S&P500 LDN Open Trading Update 26/5/26

***QUOTING ES1! FOR CASH US500 EQUIVALENT LEVELS, SUBTRACT POINT DIFFERENCE***

WEEKLY BULL BEAR ZONE 7490/80

WEEKLY RANGE RES 7590 SUP 7391

June MOPEX Straddle: 274pt range implies a OPEX to OPEX range of [7134, 7683]

June QOPEX Straddle is 546.4pt giving us a range of [5960,7052]

JHEQX Q2 Collar 6189/6290 - 6865/6955

DEC2025 OPEX to DEC2026 OPEX is 945 points giving us a range of [5889,7779]

SPX PUT/CALL RATIO 1.16 (The numbers reflect options traded during the current session. A put-call ratio below 0.7 is generally considered bullish, and a put-call ratio above 1.0 is generally considered bearish)

DAILY VWAP BULLISH 7440

WEEKLY VWAP BULLISH 7417

MONTHLY VWAP BULLISH 6898

DAILY STRUCTURE – OTFH - 7478

WEEKLY STRUCTURE – BALANCE - 7540/7354

MONTHLY STRUCTURE - OTFH - 6514

Balance: This refers to a market condition where prices move within a defined range, reflecting uncertainty as participants await further market-generated information. Our approach to balance includes favouring fade trades at the range extremes (highs/lows) while preparing for potential breakout scenarios if the balance shifts.

One-Time Framing Higher (OTFH): This represents a market trend where each successive bar forms a higher low, signalling a strong and consistent upward movement.

One-Time Framing Lower (OTFL): This describes a market trend where each successive bar forms a lower high, indicating a pronounced and steady downward movement.

DAILY BULL BEAR ZONE 7550/60

GAMMA FLIP 7475

DELTA FLIP 7459

DAILY RANGE RES 7533 SUP 7408

2 SIGMA RES 7600 SUP 7334

VIX BULL BEAR ZONE 19

TRADES & TARGETS 

SHORT ON REJECT/RECLAIM DAILY BULL BEAR ZONE TARGET WEEKLY BULL BEAR ZONE

LONG ON ACCEPTANCE ABOVE DAILY BULL BEAR ZONE TARGET WEEKLK RANGE RES

***ADDITIONAL SETUPS & TARGETS HIGHLIGHTED ON THE CHARTS***

(I FADE TESTS OF 2 SIGMA LEVELS ESPECIALLY INTO THE FINAL HOUR OF THE NY CASH SESSION AS 90% OF THE TIME WHEN TESTED THE MARKET WILL CLOSE ABOVE OR BELOW THESE LEVELS)

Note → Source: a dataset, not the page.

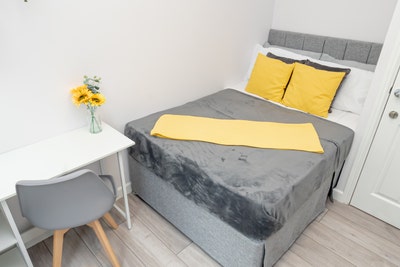 🌟Newly Renovated Rooms Abingdon Town Centre🌟 Main Photo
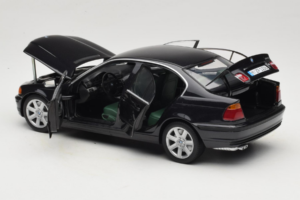 BMW 328i E46 Svart UT Models 1:18 80439422373 Metall — bild 5 av 8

GOLDMAN SACHS TRADING DESK VIEW - ‘RAI 99% 1991 Levels’

Positioning Update: High Risk Appetite, Crowded Momentum, and a Big US Underweight

The positioning backdrop is unusual. Goldman’s Risk Appetite Indicator rose to 1.1, putting it in the 99th percentile since 1991. Historically, this type of high-RAI environment has not necessarily been followed by major downside, but it has usually been associated with low probability of both large rallies and large sell-offs. That matters because it suggests a market where beta may be less rewarding and alpha opportunities become more important.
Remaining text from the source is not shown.